**Problem details:** When you repeat the listing below, keep every word exactly and leave out each picture.

**Dataset section:**
★ ★ ★ ★

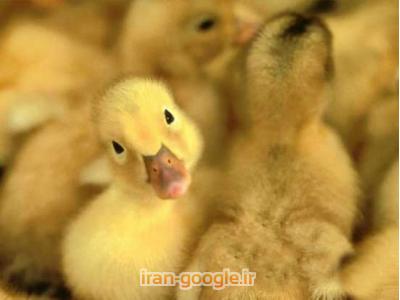 تبدیل تخم به جوجه-فروش جوجه اردک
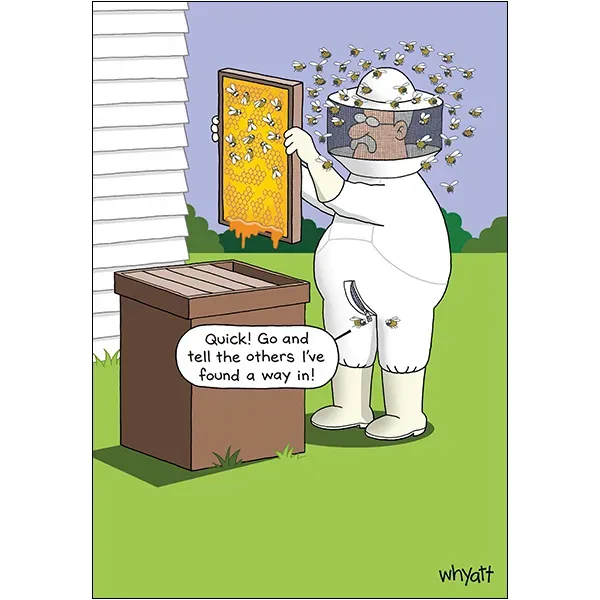 Sellers Publishing Birthday Humor B7723A verjaardagskaarten 6 stuks grappig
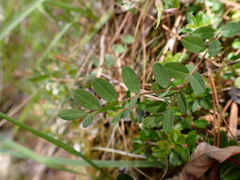 Astragalus nokoensis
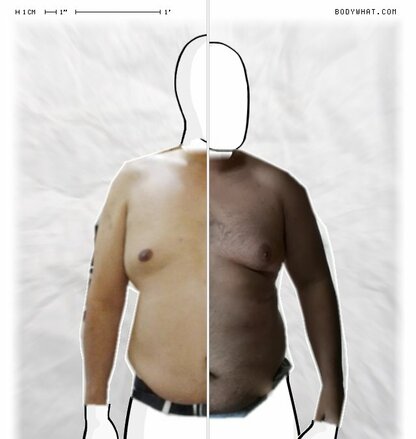 Torso Comparison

★ ★ ★ ★

**Answer for this exercise:**
 تبدیل تخم به جوجه-فروش جوجه اردک
 Sellers Publishing Birthday Humor B7723A verjaardagskaarten 6 stuks grappig
 Astragalus nokoensis
 Torso Comparison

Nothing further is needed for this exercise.